Sixty-six percent of Americans think the country’s process of selecting a new president isn’t working properly, according to a new poll.

Only 30 percent of Americans find the election process to be working, a decline of seven points since January, a March 16-17 Gallup poll found.

In January, 46 percent of Republicans believed the system was working. In just two months, that number has fallen 16 points to 30 percent. Democrats, after a slight decline in February, are holding at 32 percent — the same percentage from January.

In comparison to previous election years, the support of the American people for the election process shows a drastic decline. In January 2000, 57 percent found the system to be working, with 67 percent believing the same in January 2008.

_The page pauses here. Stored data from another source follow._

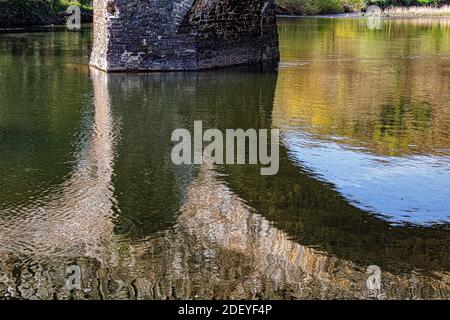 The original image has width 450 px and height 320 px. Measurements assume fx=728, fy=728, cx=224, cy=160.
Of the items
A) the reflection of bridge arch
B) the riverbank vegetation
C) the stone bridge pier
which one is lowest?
the reflection of bridge arch

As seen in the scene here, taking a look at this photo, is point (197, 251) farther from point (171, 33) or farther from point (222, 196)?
point (171, 33)

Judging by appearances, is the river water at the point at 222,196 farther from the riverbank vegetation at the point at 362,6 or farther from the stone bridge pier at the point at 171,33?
the riverbank vegetation at the point at 362,6

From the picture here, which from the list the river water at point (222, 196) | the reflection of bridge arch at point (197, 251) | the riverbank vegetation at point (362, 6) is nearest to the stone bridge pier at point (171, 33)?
the river water at point (222, 196)

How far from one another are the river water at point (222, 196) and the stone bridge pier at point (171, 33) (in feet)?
6.15

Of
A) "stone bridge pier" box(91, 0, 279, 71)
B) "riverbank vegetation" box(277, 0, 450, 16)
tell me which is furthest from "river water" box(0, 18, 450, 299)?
"riverbank vegetation" box(277, 0, 450, 16)

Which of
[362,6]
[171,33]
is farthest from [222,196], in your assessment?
[362,6]

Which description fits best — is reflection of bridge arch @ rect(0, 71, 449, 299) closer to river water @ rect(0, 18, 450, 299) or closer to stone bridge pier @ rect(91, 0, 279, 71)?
river water @ rect(0, 18, 450, 299)

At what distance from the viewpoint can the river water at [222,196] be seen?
5328 mm

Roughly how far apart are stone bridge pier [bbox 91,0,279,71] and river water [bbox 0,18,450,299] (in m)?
1.87

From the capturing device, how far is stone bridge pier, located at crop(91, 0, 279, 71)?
50.9ft

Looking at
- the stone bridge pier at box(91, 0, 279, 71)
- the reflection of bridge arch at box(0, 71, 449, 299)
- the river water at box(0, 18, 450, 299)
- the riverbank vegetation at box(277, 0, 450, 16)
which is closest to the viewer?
the reflection of bridge arch at box(0, 71, 449, 299)

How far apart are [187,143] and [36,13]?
26.2 metres

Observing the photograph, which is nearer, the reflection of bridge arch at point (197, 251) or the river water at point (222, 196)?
the reflection of bridge arch at point (197, 251)

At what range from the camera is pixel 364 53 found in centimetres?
2147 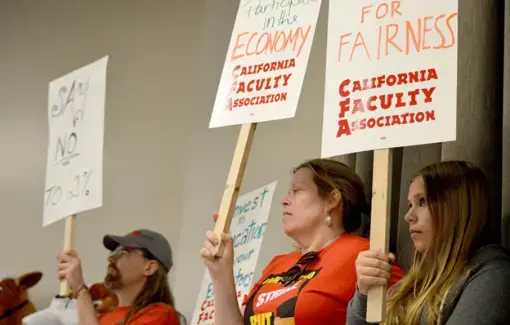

The 30-percent figure from 2016 is lower than that of December 2011, which was 39 percent.

While the majority of Americans may not have a positive view of the presidential election process, they are seemingly happy with the candidates.

Sixty-eight percent said there is a candidate running that would make a good president. Sixty-three percent who find the system to be broken agree that a good president exists among the nominees.

The American people are paying attention to the 2016 presidential candidates.

More than half, 57 percent, of respondents in a March 17-20 CBS News/The New York Times poll said they are giving the presidential campaign “a lot” of attention.

But how registered voters feel about their party is shockingly different.

Republicans were not shy about expressing whether they were embarrassed by their party, with 60 percent stating they were “mostly embarrassed," while only 13 percent of Democrats felt the same.

Eighty-two percent of Democrats are “mostly proud” of their party.

The candidates that respondents expect to see on the November ballot, whether they would like to or not, are Donald Trump for the GOP and Hillary Clinton as the Democratic nominee. Both candidates received more than 70 percent of the votes.